> **Work instructions**:
Look through the listing below for the line containing "Decorative wall hanging". Copy it and each line after it up to and including the line containing "A BBQ chicken", exactly, leaving out pictures.

> **Data for the task**:
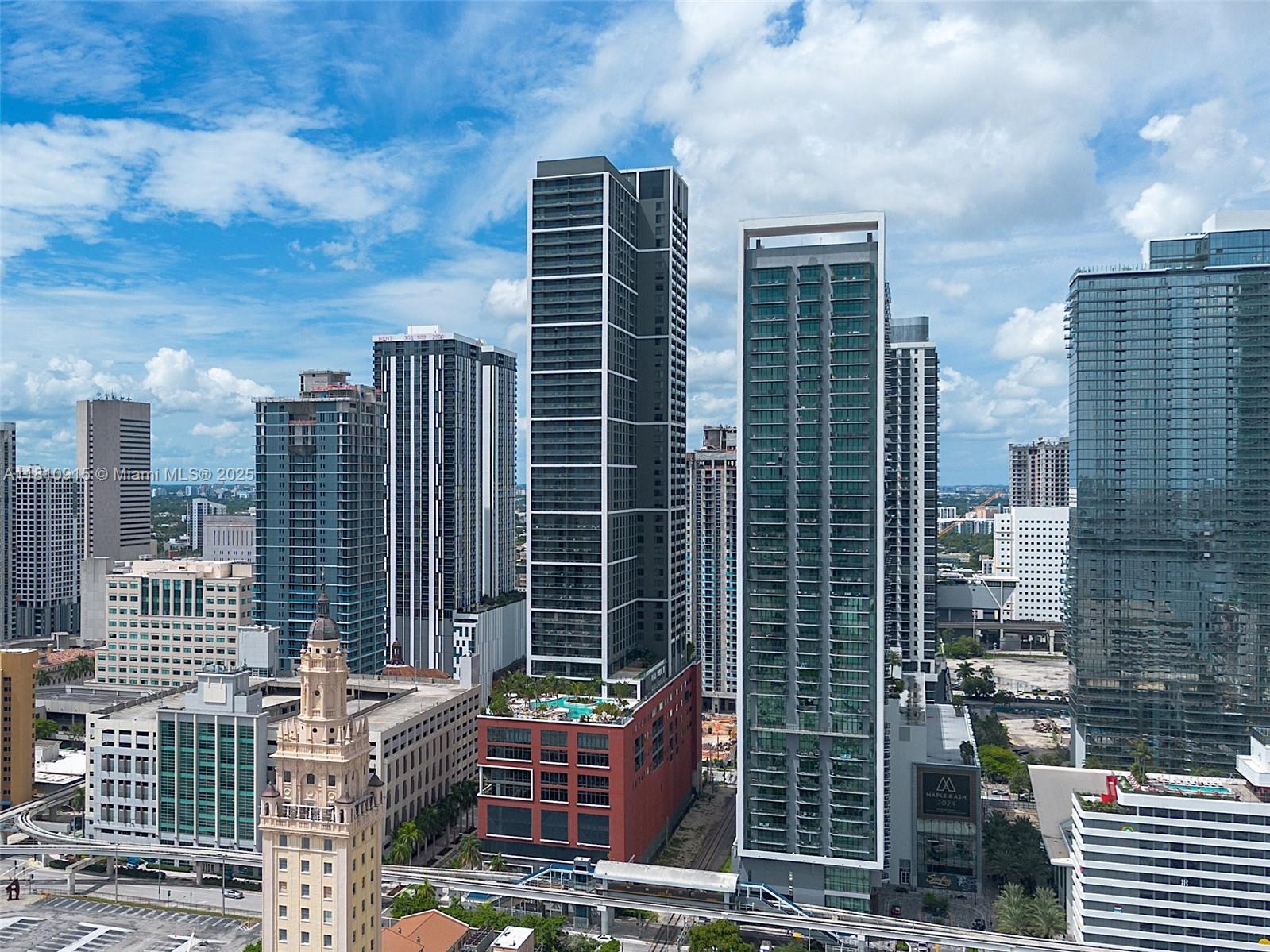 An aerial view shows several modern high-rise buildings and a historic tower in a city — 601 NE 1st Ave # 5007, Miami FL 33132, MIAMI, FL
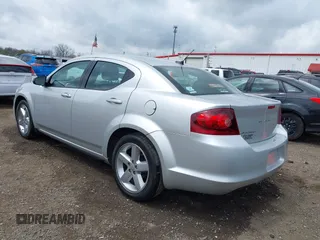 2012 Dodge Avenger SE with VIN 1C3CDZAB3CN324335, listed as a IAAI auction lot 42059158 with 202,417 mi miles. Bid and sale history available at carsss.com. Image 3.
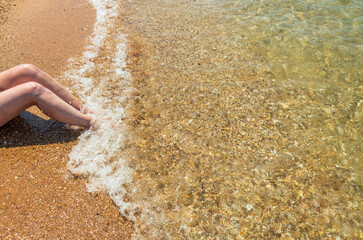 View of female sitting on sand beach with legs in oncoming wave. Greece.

---

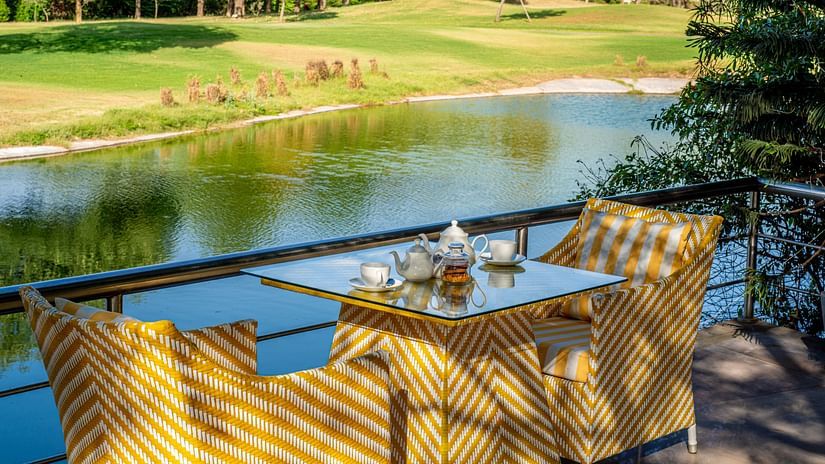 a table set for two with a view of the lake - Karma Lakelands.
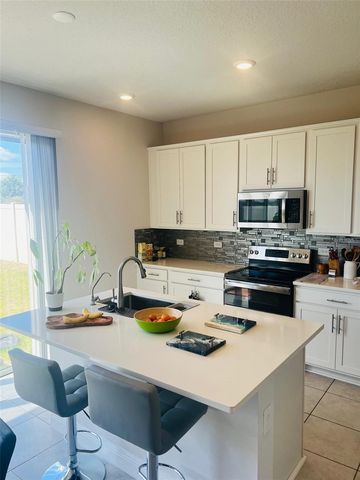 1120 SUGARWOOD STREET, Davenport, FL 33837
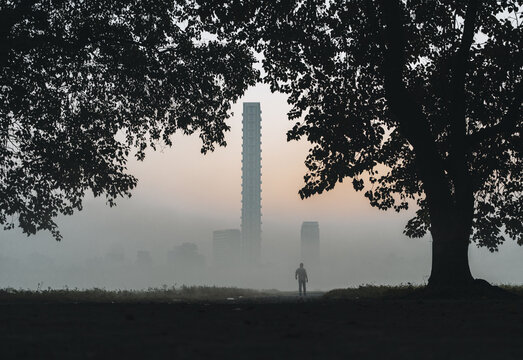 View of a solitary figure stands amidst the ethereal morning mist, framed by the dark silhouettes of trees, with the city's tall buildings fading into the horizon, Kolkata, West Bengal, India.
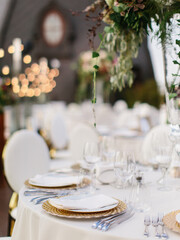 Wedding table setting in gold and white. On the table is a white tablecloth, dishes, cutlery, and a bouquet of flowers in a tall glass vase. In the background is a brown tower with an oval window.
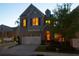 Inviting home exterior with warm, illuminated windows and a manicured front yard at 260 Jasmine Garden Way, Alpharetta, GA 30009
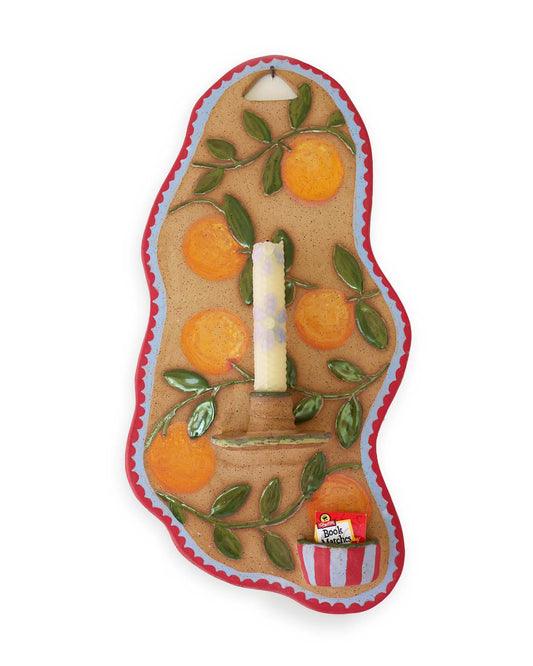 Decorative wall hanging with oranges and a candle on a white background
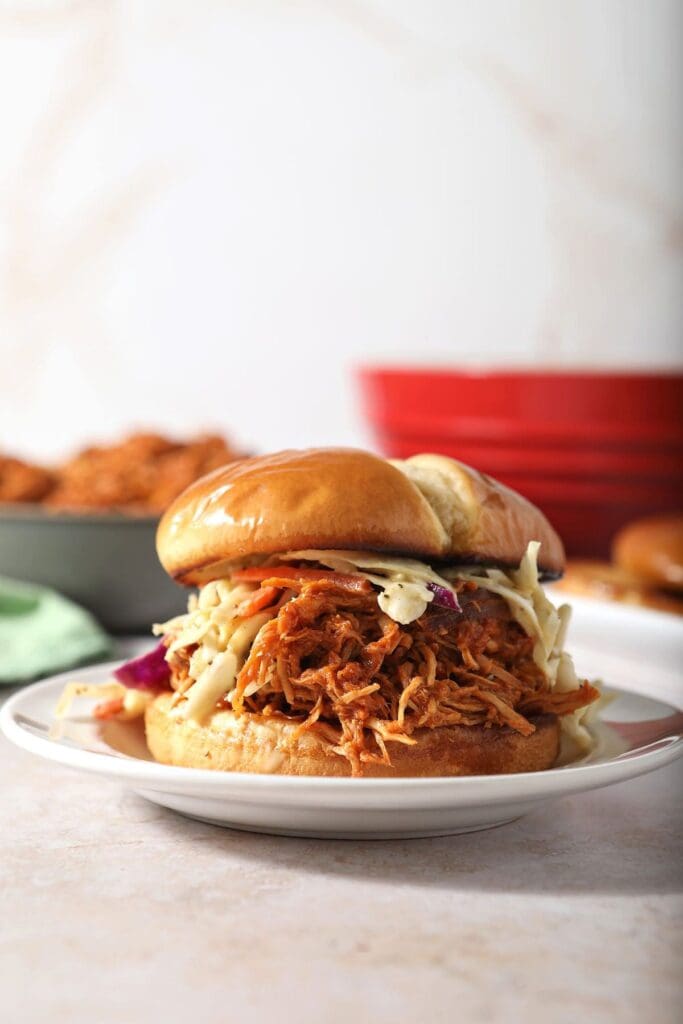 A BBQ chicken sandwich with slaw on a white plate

> **Reply to the exercise**:
 Decorative wall hanging with oranges and a candle on a white background
 A BBQ chicken sandwich with slaw on a white plate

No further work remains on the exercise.